S'agissant du prix de vente du véhicule, la SELARL MJ de l'Allier indique qu'au vu du solde du compte au 3 septembre 2021 et des dépenses personnelles de M. [P] par le biais du compte de la société, il apparaît que la somme de 24 000 euros a été créditée au compte-courant d'associé de M. [P] lors de la cession et dépensée. Elle souligne le fait que M. [P] a régulièrement prélevé la somme de 208.19 euros sur le compte courant d'associé en remboursement du véhicule.
L'ordonnance de clôture a été rendue le 7 novembre 2024.
Motifs :
Selon les dispositions de l'article L223-21 du code de commerce, à peine de nullité du contrat, il est interdit aux gérants ou associés autres que les personnes morales de contracter, sous quelque forme que ce soit, des emprunts auprès de la société, de se faire consentir par elle un découvert, en compte courant ou autrement, ainsi que de faire cautionner ou avaliser par elle leurs engagements envers les tiers.

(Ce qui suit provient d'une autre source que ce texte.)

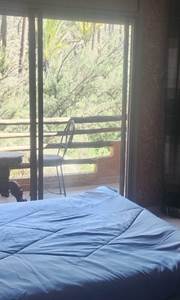 WhatsApp Image 2026-03-11 at 15.53.46 (3)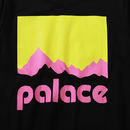 Camiseta Palace Berghaus Black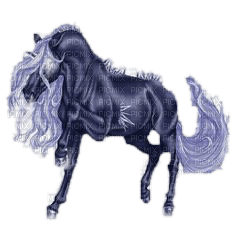 storm horse - PNG gratuit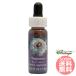 sagaroFES цветок essence Quint essence 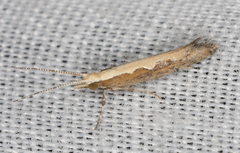 Plutella xylostella-australiana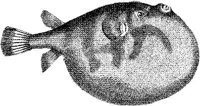 TAN062D.JPG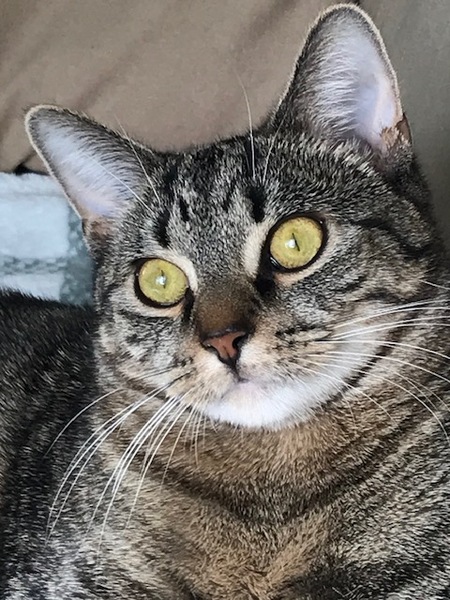 Entry image for Ringo Ravenpaw. Clicking this image will show a larger photo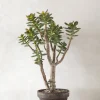 Ørkenplanter Og Knoldplanter^PLANT Crassula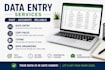 do fast and accurate data entry copy paste and typing work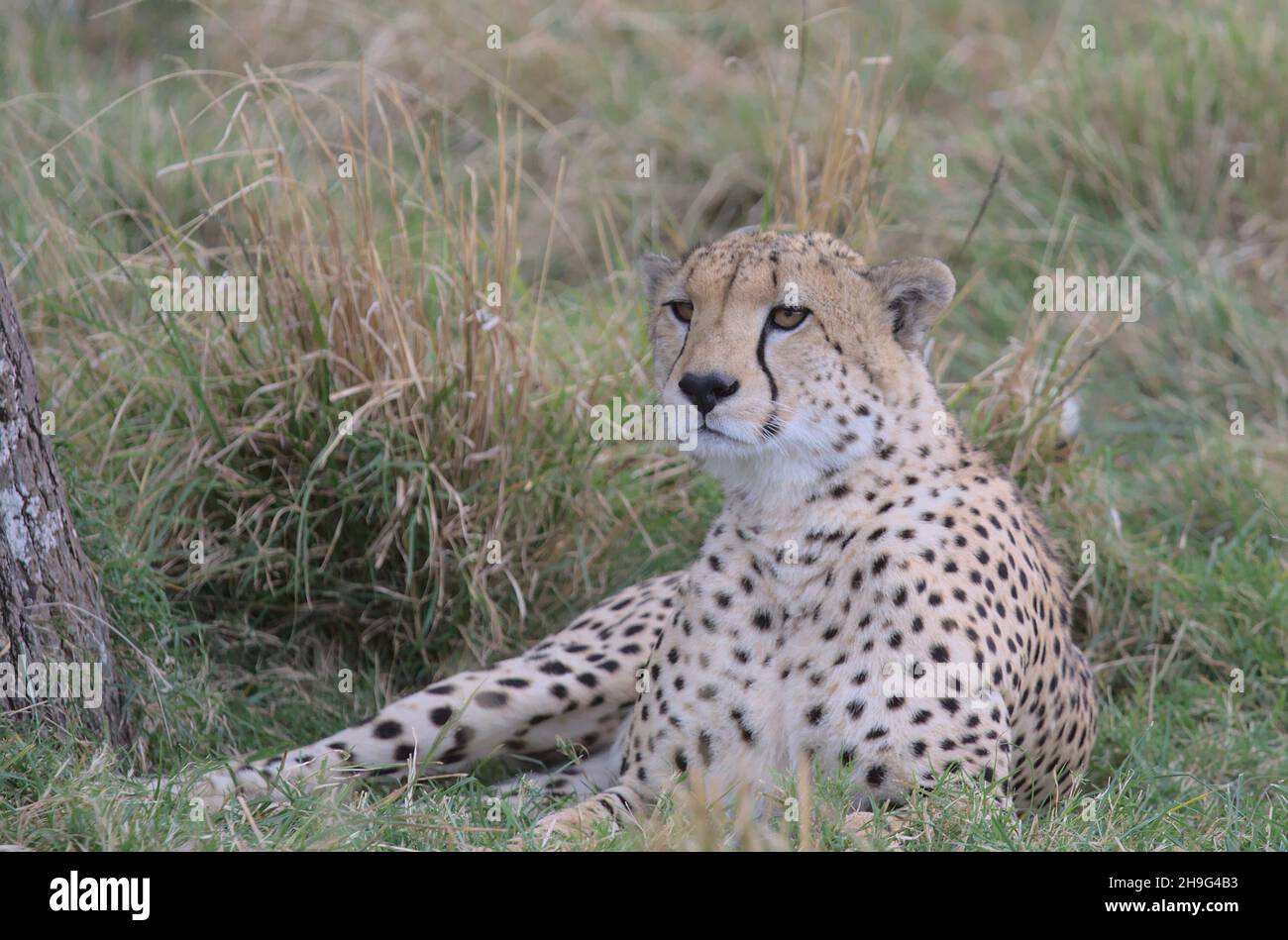 Gutaussehender Gepard, der auf der Suche nach Beute ist und sich im wilden Gras der masai mara, kenia, Stockfoto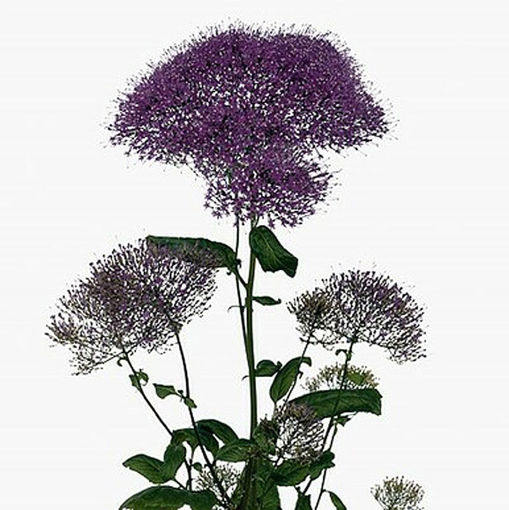 Picture of Trachelium Michigan Purple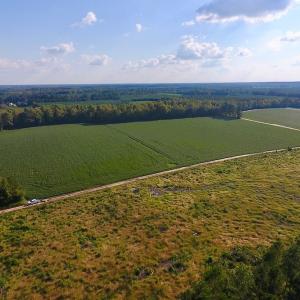 Photo of UNDER CONTRACT!  61.43 Acres of Farm and Timber Land For Sale in Wilson County NC!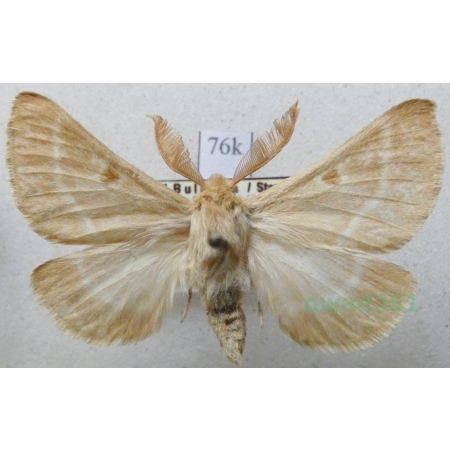 Lemonia balcanica (Herrich-Schäffer, 1847) male Bulgaria76k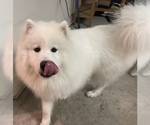 Small Photo #12 Samoyed Puppy For Sale in DALY CITY, CA, USA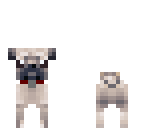 pug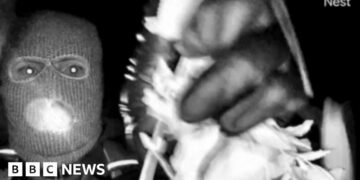 FBI Releases Surveillance Images in Search for Savannah Guthrie's Mother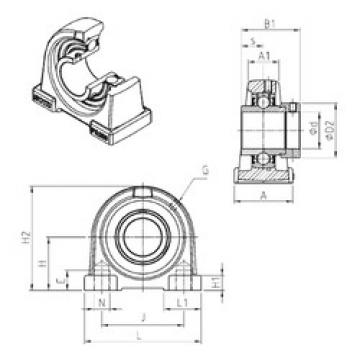 Bearing EXPA203 SNR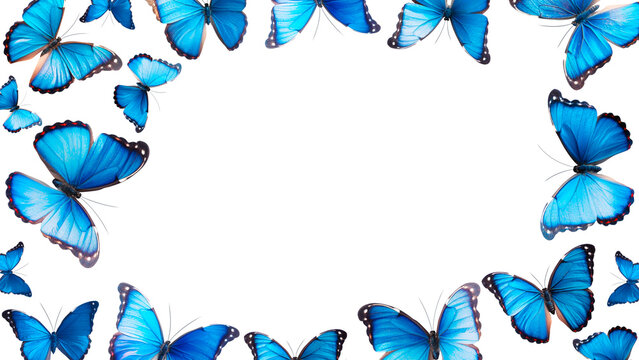 Blue Butterfly Border Images – Browse 26,159 Stock Photos, Vectors, and ...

Cette interdiction s'applique aux représentants légaux des personnes morales associées.
L'interdiction s'applique également aux conjoint, ascendants et descendants des personnes visées à l'alinéa précédent ainsi qu'à toute personne interposée.
Toutefois, si la société exploite un établissement financier, cette interdiction ne s'applique pas aux opérations courantes de ce commerce conclues à des conditions normales.
L'article L654-2 du même code dispose qu'en cas d'ouverture d'une procédure de redressement judiciaire ou de liquidation judiciaire, sont coupables de banqueroute les personnes mentionnées à l'article L. 654-1 contre lesquelles a été relevé l'un des faits ci-après :
1° Avoir, dans l'intention d'éviter ou de retarder l'ouverture de la procédure de redressement judiciaire ou de liquidation judiciaire, soit fait des achats en vue d'une revente au-dessous du cours, soit employé des moyens ruineux pour se procurer des fonds ;
2° Avoir détourné ou dissimulé tout ou partie de l'actif du débiteur ;
3° Avoir frauduleusement augmenté le passif du débiteur ;
4° Avoir tenu une comptabilité fictive ou fait disparaître des documents comptables de l'entreprise ou de la personne morale ou s'être abstenu de tenir toute comptabilité lorsque les textes applicables en font obligation ;
5° Avoir tenu une comptabilité manifestement incomplète ou irrégulière au regard des dispositions légales.
- Sur la demande en paiement d'une somme de 595.34 euros :
La SELARL MJ de l'Allier indiquant s'être désistée en première instance de la demande portant sur le remboursement du compte-courant d'associé débiteur, il convient de prendre acte de ce désistement et de réformer le jugement en ce qu'il condamne M. [P] à verser à la SELARL MJ de l'Allier ès-qualités la somme de de 595,35 euros avec intérêts au taux légal à compter du 8 septembre 2022, date de la première mise en demeure.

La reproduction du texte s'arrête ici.